Exercise requirements. Transcribe only what runs from the line containing "93 Parker St" through the end of the listing, line for line and exactly, and omit the pictures.

Input data.
_ _ _

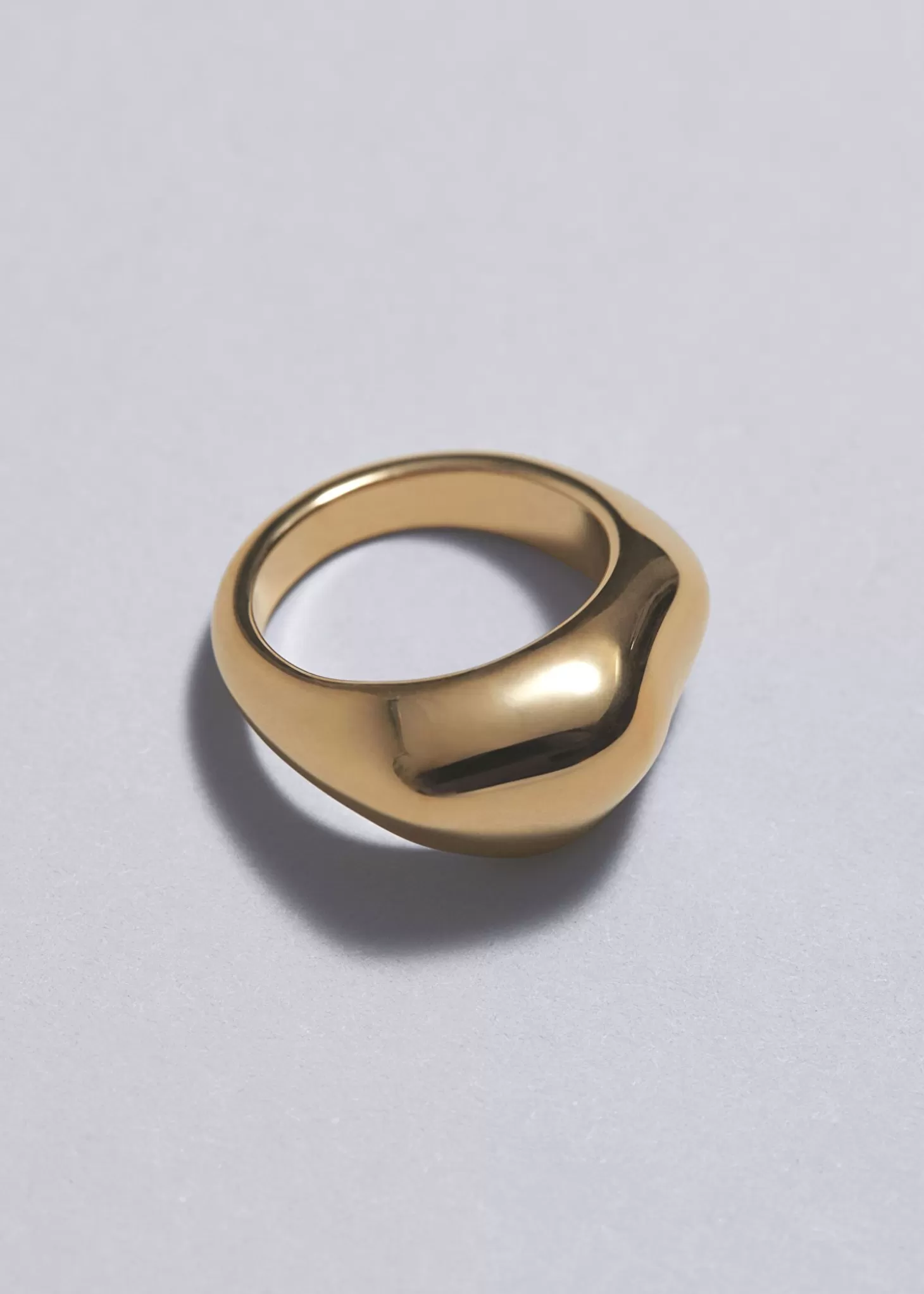 Outlet & Other Stories Fed Skulpturel Ring Guld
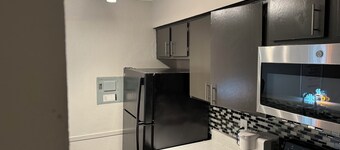 Cozy townhome in welcoming Arlington with fitness room, AC, WiFi
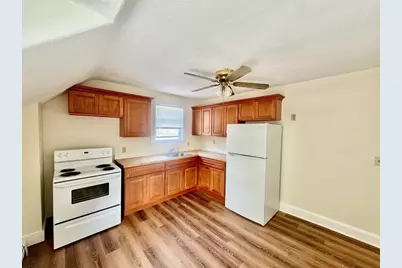 93 Parker St #2, Attleboro, MA 02703 - Photo 3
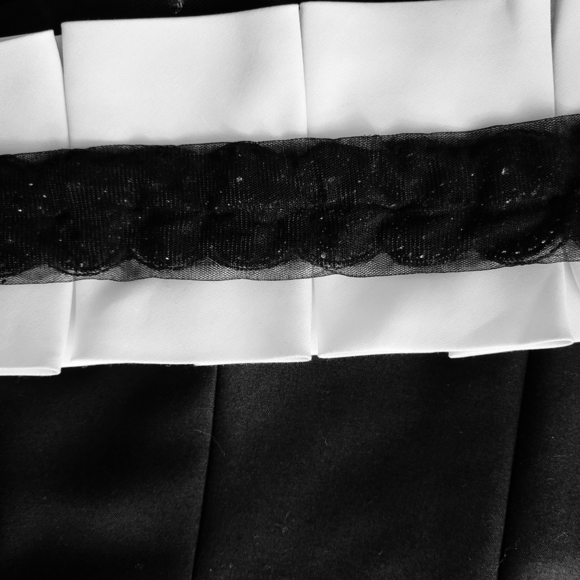 Giambattista Valli Paris Black & Ivory Pleated Ruffle Sheer Illusion Dress - Picture 4 of 5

_ _ _

Expected answer.
 93 Parker St #2, Attleboro, MA 02703 - Photo 3
 Giambattista Valli Paris Black & Ivory Pleated Ruffle Sheer Illusion Dress - Picture 4 of 5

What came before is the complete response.